4. You may meet your worst enemy. During your first year of sobriety—and honestly, whenever you’re out in the world—and dating, you will meet your least favorite person ever. You could find the Stormtrooper to your Luke, or the Heather C. to your pre-shoplifting Veronica. Considering the typical hyper-emotionalism of your first year and the likely consideration that you are now the arbiter of archetypal moral conduct, you will likely be offended by a number of once-typical characteristics and behaviors, convinced that you now have invaluable insight into the way things should be. And maybe you do! Maybe. But maybe you’re also just a hypersensitive alcoholic who needs to calm the hell down. You’re not a vigilante drunk avenger! You won’t balance and amend each and every perceived injustice in your first 30 days! Slow your roll.

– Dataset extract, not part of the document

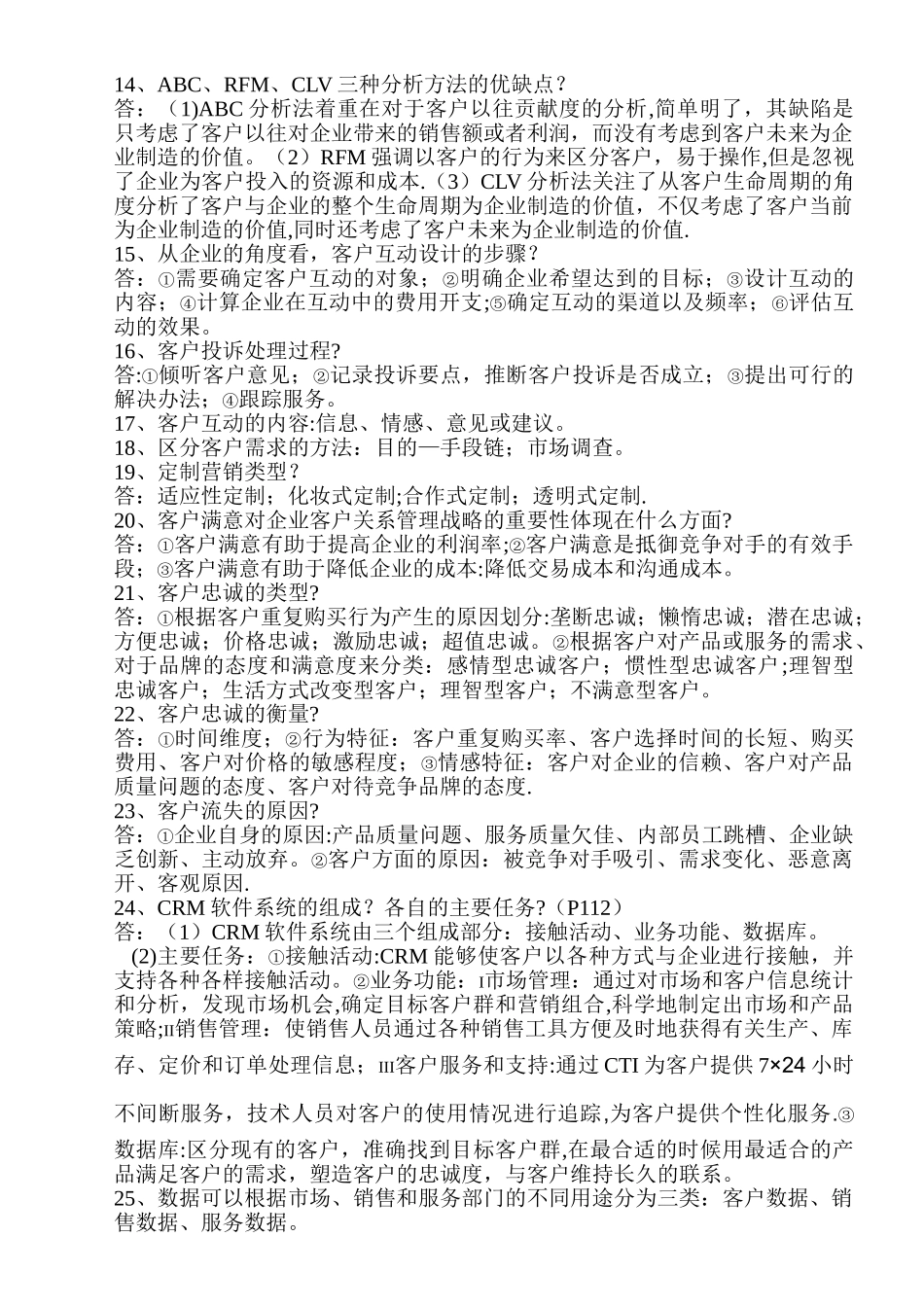 客户关系管理知识点整理_第3页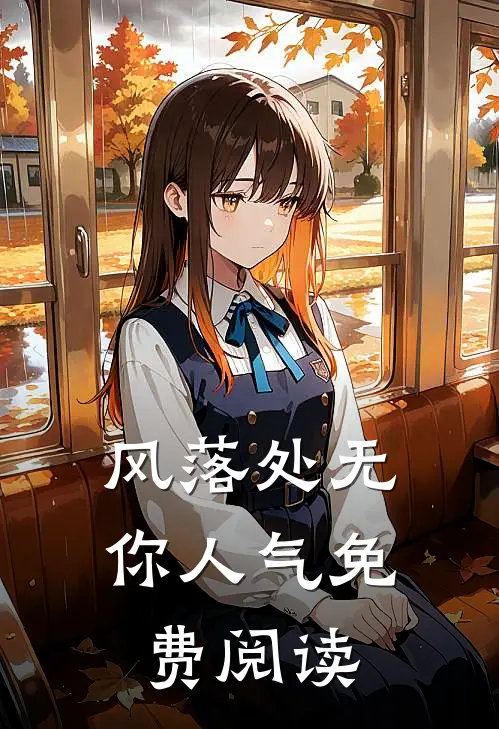 风落处无你人气免费阅读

You’ve been doing this fearless and honest shtick for a whole month and the world’s been this way since—well, since whenever, per whether you ascribe to evolutionism or creationism. (Though if this is really in question, we should have a talk about something called “science,” but we’ll save that for your one-year anniversary.) 

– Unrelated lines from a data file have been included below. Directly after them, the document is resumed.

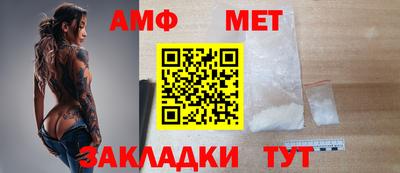 mdpv Донской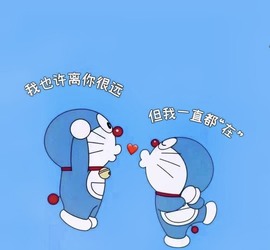 柒七休主播照片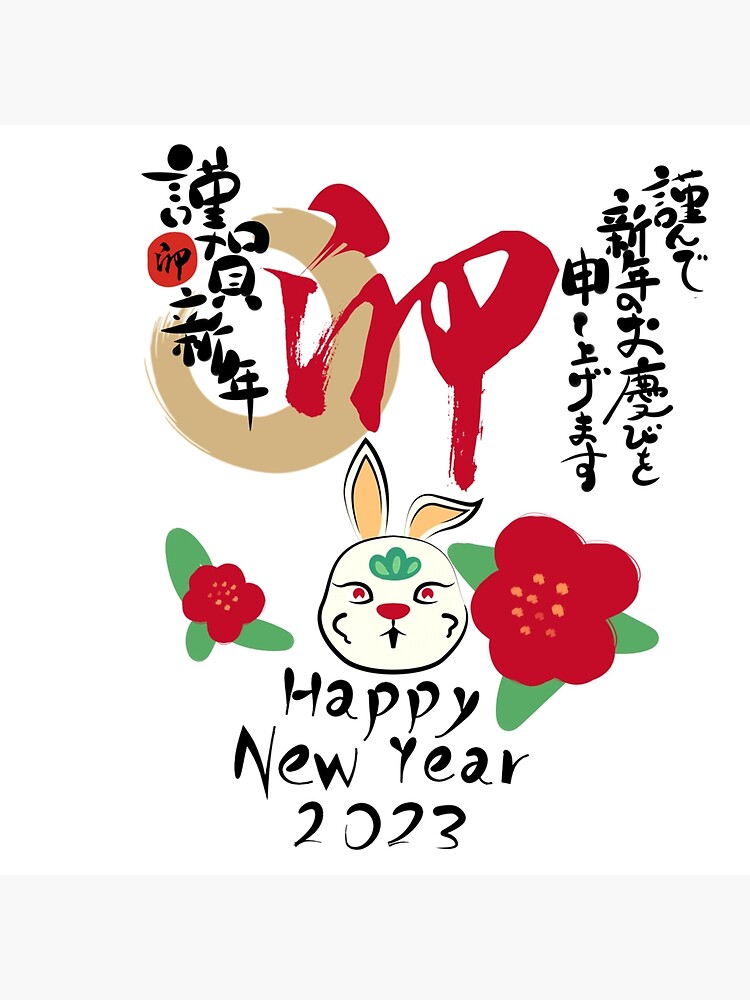 chinese-new-year-year-of-the-rabbit-floral-year-of-the-rabbit-year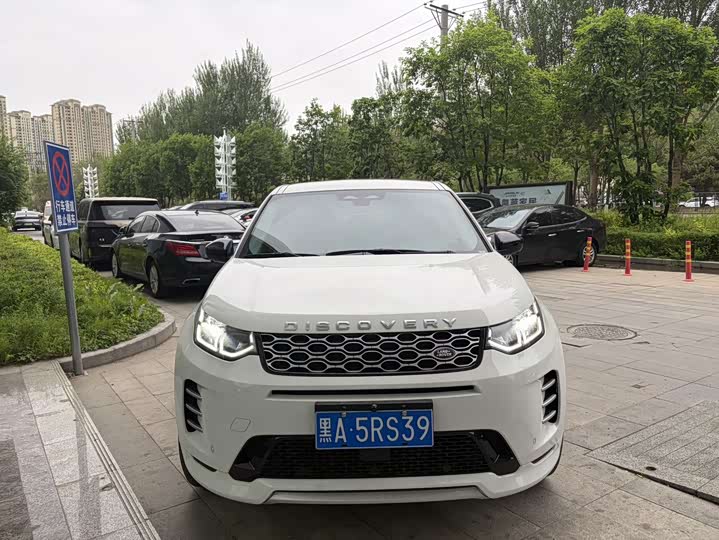 Land Rover Discovery Sport 2025 2025款 249PS 性能科技版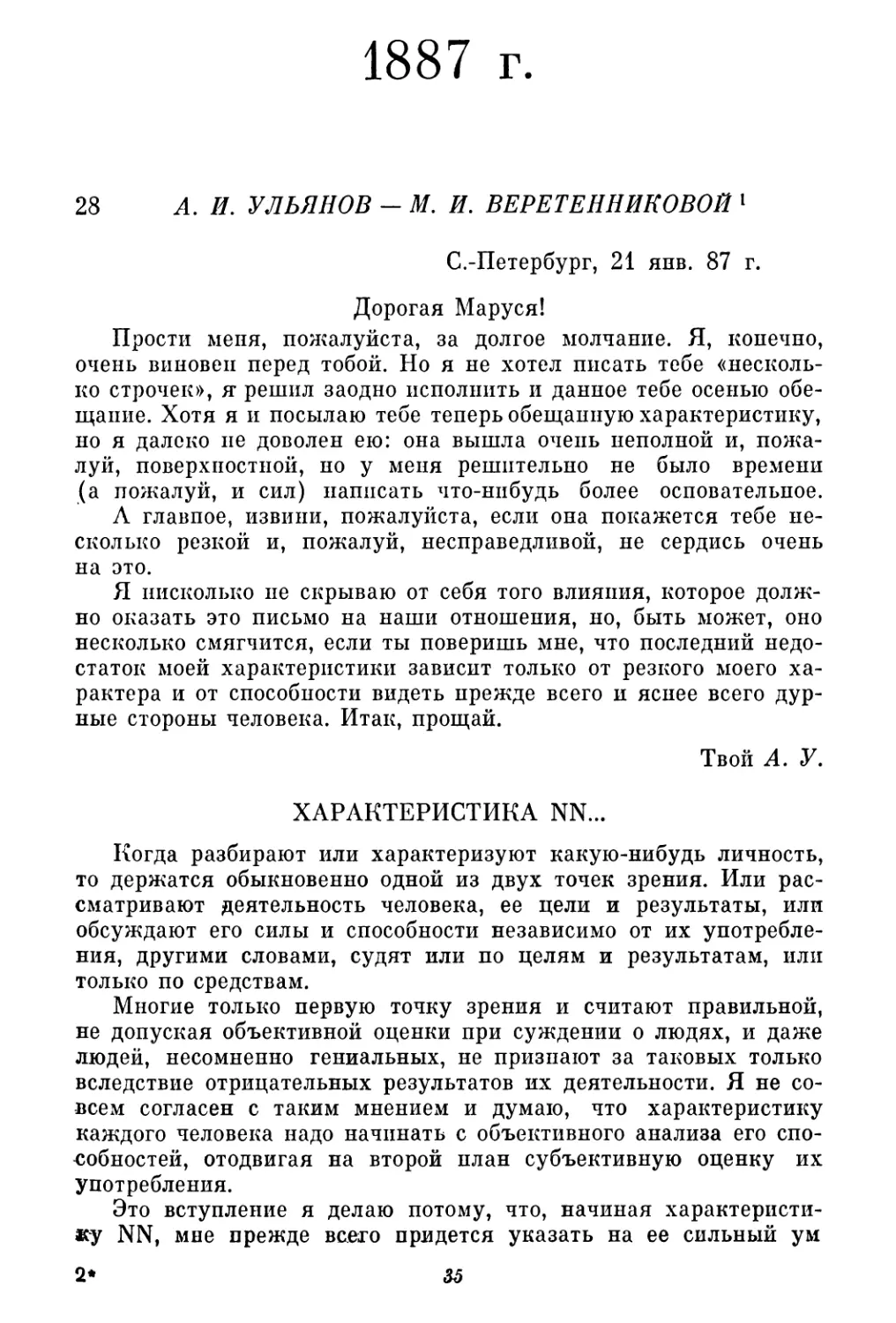 1887 г.
28. А. И. Ульянов — М. И. Веретенниковой. 21 января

5. You may meet your best friend. I dated in my first year. I was 18, she was 26. I had 6 months, she had 60 days. By those terms, we both robbed the cradle. I kept running into her everywhere I went. Neither of us belonged on the Upper East Side but that’s where we found ourselves, and one another. We played house awhile, neither knowing how it would end, but knowing that it inevitably would. We didn’t talk for months. Neither of us drank. Now she’s my best friend. We’ve been buds through wins and losses, deaths, promotions, breakups—the full gamut of existence defined. We’ve both been adult enough to not use the other as a scapegoat or excuse. We knew that emotional pain, separation, disappointment, and endings were a part of adulthood. That’s just the daily hazard of living fully. If you can’t accept the likelihood of this, do not date. In fact, do not form any type of emotional attachment of any kind, as the slightest disappointment is likely to riddle you with absolute despair, self-righteous but misguided senses of betrayal and un-right-able wrong. Maybe just drink coffee and hit the gym, call your sponsor, and heed all of their suggestions. 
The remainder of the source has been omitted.